Constrained non-negative matrix factorization enabling real-time insights of $\textit{in situ}$ and high-throughput experiments
Phillip M. Maffettone, Aidan C. Daly, Daniel Olds
TL;DR
The paper addresses the challenge of real-time interpretation of streaming diffraction data where canonical NMF can yield nonphysical components. It introduces constrained non-negative matrix factorization with user or algorithmic priors, solved via alternating non-negative least squares and implemented in PyTorch, to produce physically meaningful weights and components during in situ analyses. Demonstrations on synthetic datasets and on variable-temperature $\$BaTiO_3$ and molten-salt $NaCl:CrCl_3$ data show that constraints yield interpretable phase evolution and enable adaptive experimental decisions.

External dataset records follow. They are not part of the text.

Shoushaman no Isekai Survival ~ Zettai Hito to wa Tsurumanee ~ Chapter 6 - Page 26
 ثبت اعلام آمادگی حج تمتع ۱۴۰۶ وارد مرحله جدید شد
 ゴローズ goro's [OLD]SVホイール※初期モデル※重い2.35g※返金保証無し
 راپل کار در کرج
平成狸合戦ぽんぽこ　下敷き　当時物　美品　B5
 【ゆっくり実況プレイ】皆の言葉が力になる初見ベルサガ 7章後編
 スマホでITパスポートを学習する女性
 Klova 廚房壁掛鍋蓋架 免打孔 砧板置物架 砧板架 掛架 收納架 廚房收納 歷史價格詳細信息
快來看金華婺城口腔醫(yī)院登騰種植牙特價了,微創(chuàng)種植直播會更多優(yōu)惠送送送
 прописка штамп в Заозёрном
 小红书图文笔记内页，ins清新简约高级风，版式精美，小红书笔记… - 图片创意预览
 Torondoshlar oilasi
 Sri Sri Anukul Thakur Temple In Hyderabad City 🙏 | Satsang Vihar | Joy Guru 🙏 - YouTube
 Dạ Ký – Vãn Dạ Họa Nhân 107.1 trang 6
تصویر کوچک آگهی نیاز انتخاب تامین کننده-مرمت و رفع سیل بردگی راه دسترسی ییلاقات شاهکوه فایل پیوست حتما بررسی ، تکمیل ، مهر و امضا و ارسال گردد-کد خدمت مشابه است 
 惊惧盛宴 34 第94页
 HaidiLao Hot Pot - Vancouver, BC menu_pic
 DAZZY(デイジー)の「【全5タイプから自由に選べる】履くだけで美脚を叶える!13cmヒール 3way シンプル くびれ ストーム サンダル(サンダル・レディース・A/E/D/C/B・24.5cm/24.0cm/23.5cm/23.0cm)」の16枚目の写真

This approach enables rapid, human-in-the-loop insights at beamlines and is extensible to other spectral modalities, providing a practical path toward real-time discovery in high-throughput experiments.
Abstract
Non-negative Matrix Factorization (NMF) methods offer an appealing unsupervised learning method for real-time analysis of streaming spectral data in time-sensitive data collection, such as $\textit{in situ}$ characterization of materials. However, canonical NMF methods are optimized to reconstruct a full dataset as closely as possible, with no underlying requirement that the reconstruction produces components or weights representative of the true physical processes. In this work, we demonstrate how constraining NMF weights or components, provided as known or assumed priors, can provide significant improvement in revealing true underlying phenomena. We present a PyTorch based method for efficiently applying constrained NMF and demonstrate this on several synthetic examples. When applied to streaming experimentally measured spectral data, an expert researcher-in-the-loop can provide and dynamically adjust the constraints. This set of interactive priors to the NMF model can, for example, contain known or identified independent components, as well as functional expectations about the mixing of components. We demonstrate this application on measured X-ray diffraction and pair distribution function data from $\textit{in situ}$ beamline experiments. Details of the method are described, and general guidance provided to employ constrained NMF in extraction of critical information and insights during $\textit{in situ}$ and high-throughput experiments.